On marche dans les rues du voisinage, se tenant la main, rigolant et parlant. À mi-chemin, elle lâche ma main et m’attrape la taille. Son corps doux et chaud la rend encore plus désirable.

- Tu ne m’as même pas donné de cadeau, Rafa, me dit-elle en faisant une drôle de tête.
- Ton cadeau est chez moi. Je ne pouvais pas l’emmener à la plage, tu l’aurais perdu après avoir trop bu, n’est-ce pas ? Ma réponse la fait rire davantage.
- Je ne perdrais jamais quelque chose qui vient de toi.

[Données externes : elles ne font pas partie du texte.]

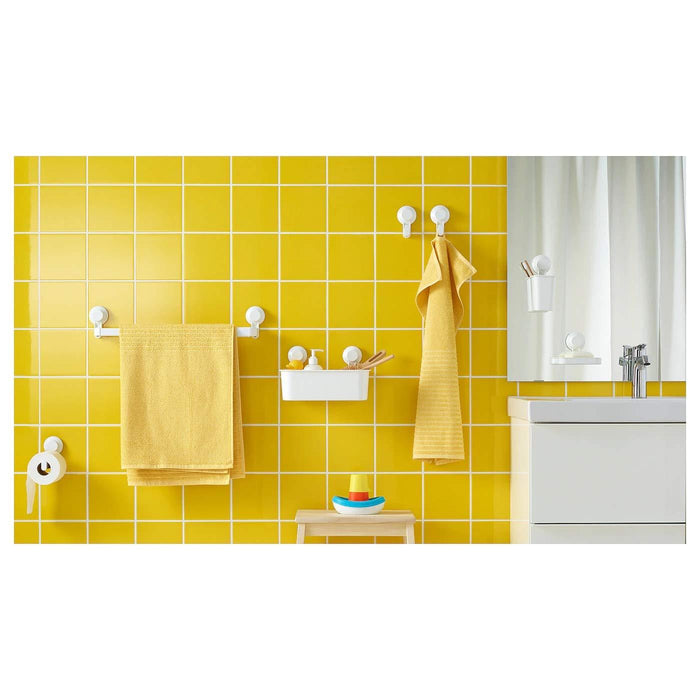 IKEA VINARN Washcloth, light yellow, 30x30 cm with EKOLN Soap dish, grey-green and  ENUDDEN Toilet Roll Holder with Suction Cup - White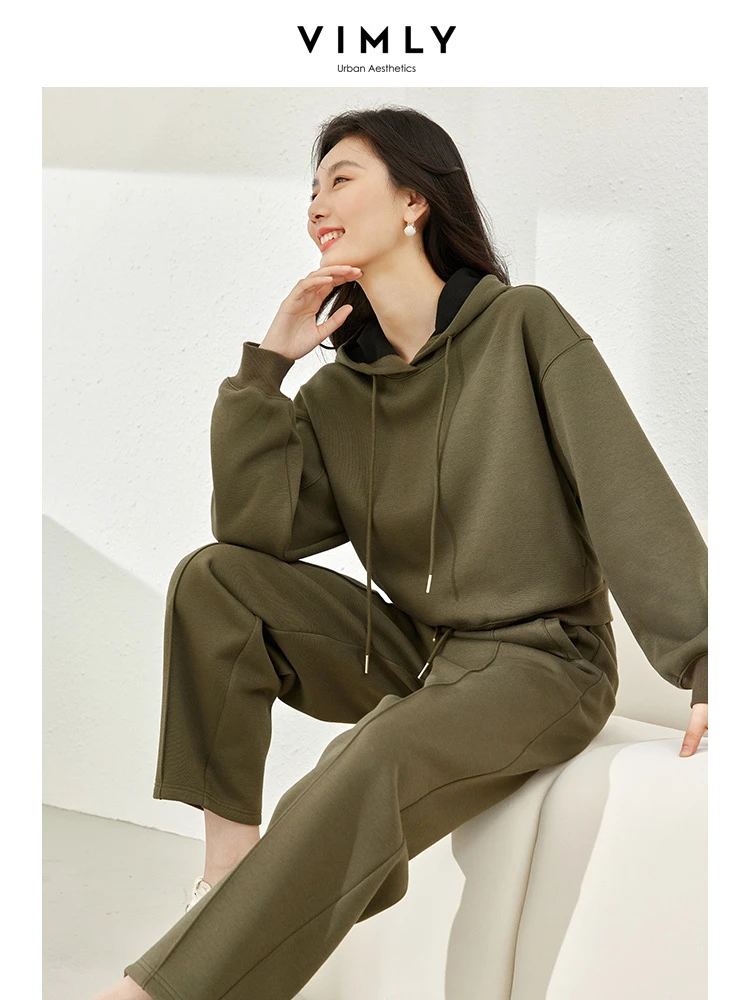 Женский спортивный костюм Vimly пуловер с капюшоном свитшот эластичным поясом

On entre dans son bâtiment et on prend l’ascenseur jusqu’au septième étage. Je la regarde pendant qu'elle se met devant sa porte, soulève le paillasson et prend une clé en dessous.

- C’est quoi ce bordel ?
- Quoi ? Ma clé …
- Sous le paillasson ? Putain, Malu ! Quelqu’un pourrait trouver cette clé et rentrer dans ton appart !
- C’est mieux que de la prendre avec moi à la plage et la perdre. Où suis-je supposé la garder, si je n’ai pas de sac ?
- Au même endroit où tu gardes ton téléphone ? Pour la première fois, je réalise qu’elle n’a pas de sac et que son téléphone n’est à aucun endroit où on peut le voir. Peut-être qu’elle l’a perdu ? Où est ton téléphone ?
- Juste ici. Elle plonge sa main dans son décolleté et sort son téléphone, caché entre ses seins. Cette vision réveille mon corps tout entier et rend mon souffle plus lourd.
- Je ne veux plus que tu gardes tes clés sous ton paillasson maintenant. Tu dois les prendre avec toi. Si t’as pas de sac, garde les dans tes mains jusqu’à ce que j’arrive. Je les garderais dans ma poche. Ou demande à quelqu’un en qui tu as confiance.
- Tu es trop autoritaire. Tu ne m’embrasses même pas mais tu veux me donner des ordres ? Je ne peux pas dire si c’est son ton audacieux, ses sourcils levés ou la vision d’elle dans cette robe blanche, peut-être que c’est un mélange des trois et beaucoup de caïpirinhas qui me poussent à l’attraper par la taille, la tenir dans mes bras et la plaquer contre le mur, pour lui voler un baiser passionné.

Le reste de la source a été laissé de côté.